In 2008/2009, another engineer and myself built an ad-platform that received around 500M impressions per day, 5M clicks per day. And it wasn't just recording a tweet or publishing out to followers. We took the user input query, had to do some keyword/relevancy targeting, geofiltering, matching to advertisers and deliver back a large result set of adverts. All within 100ms.

Our platform was also apache, mod_php, memcached, mysql and rabbitmq. So definitely not the most optimal of platforms by any means. We had two colos with ~20 servers (dell r410s) at each facility.

Twitter just recently announced 400M tweets/day. I'm not trying to brag about my experiences, because looking back now we made numerous amateur mistakes, but just showing that Twitter's "scale" is a joke compared to everyday challenges at any large internet ad network.


You understand that 400M tweets a day is the number of tweets posted to their system, right? That speaks not at all to the consumption of those tweets, which is the metric you're using for your ad platform.

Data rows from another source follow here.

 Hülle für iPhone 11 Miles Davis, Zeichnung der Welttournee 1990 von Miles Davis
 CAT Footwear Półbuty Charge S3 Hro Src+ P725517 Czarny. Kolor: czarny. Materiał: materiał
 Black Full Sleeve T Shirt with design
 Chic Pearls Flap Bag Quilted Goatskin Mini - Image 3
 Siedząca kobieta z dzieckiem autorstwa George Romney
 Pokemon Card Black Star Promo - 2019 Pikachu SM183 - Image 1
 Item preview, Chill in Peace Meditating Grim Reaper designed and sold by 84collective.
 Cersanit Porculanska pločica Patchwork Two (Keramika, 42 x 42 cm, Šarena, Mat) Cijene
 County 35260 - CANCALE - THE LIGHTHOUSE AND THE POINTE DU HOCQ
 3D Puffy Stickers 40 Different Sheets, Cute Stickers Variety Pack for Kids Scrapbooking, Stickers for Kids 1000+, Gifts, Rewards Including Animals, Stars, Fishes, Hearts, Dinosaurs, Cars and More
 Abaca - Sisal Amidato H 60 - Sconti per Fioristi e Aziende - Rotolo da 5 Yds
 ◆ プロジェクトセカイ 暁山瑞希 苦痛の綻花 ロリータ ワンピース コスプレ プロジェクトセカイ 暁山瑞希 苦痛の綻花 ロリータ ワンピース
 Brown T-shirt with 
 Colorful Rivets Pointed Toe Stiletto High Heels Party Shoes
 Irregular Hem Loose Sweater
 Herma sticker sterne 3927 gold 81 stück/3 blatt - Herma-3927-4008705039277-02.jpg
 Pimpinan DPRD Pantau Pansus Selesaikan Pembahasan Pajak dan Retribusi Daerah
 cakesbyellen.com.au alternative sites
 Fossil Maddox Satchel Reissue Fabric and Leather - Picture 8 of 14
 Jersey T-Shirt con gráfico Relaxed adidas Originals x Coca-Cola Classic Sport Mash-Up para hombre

Additionally, they don't just deal with 160 characters, because again, somehow you're still talking about data being posted, and not data being consumed. Data is consumed off their site via polling APIs, streaming APIs, and a website, all of which are pushing those 400M tweets a day out to plenty of consumers.

They may not have as ridiculous a scale as they act like they do. But let's be clear: it is nowhere near as trivial as you make it out to be, either. Armchair quarterbacking is always easy, because you aren't exposed to the complexity that arises when you've spent a few months and years hitting the corner cases of the problem you're commenting on.


So you had 500m reads on a relatively static data set + 5m writes on an unrelated log? Sounds like a fun problem, but I agree I doesn't sound like rocket science. On the other hand, it also doesn't sound like Twitter, having 400m writes per day, and 400*x million reads on that very dynamic data set. Just seems that's a slightly harder problem.


Adserving is not really static. Cachebusters are named so for good reason. Nowadays ad server developers are clever enough to separate click tracking and impression tracking (the non-Enterprise version of OpenX still deserves a lot of ಠ_ಠ though).

In an RTB environment, there is an additional constraint of having to serve up your ad (or decision) within 60ms (Google ADX sets a hard limit of 80ms), and the fastest best bid wins.

I don't think that's a less hard problem compared to Twitter, especially at high volumes. You can't just say "scale sideward!".

That said, the first link was totally misleading. I was actually quite shocked to see that Twitter only had 42M uniques per month, because a typical ad network does a lot more

EDIT: ah.. 15B requests/day makes more sense. Wtf is with the wrong stats?


Are you talking about 15B vs. the visits chart I linked? If so, the 15B number comes from API calls, which do not have to happen through the website (think of all the Twitter clients).


Requests are requests.15B is a gigantic amount.


Right I agree 100%. I just couldn't tell if you were trying to reconcile the 15B with the 45M number from Compete.


See my edit. Your ad impressions reached approximately 3% of Twitter's daily request load last year. Note that those requests can serve up to 200 tweets + metadata.

This doesn't account for Twitter's budding ad service, which one can assume has some of the same functionality (targeted advertising, information retrieval) as traditional ad networks.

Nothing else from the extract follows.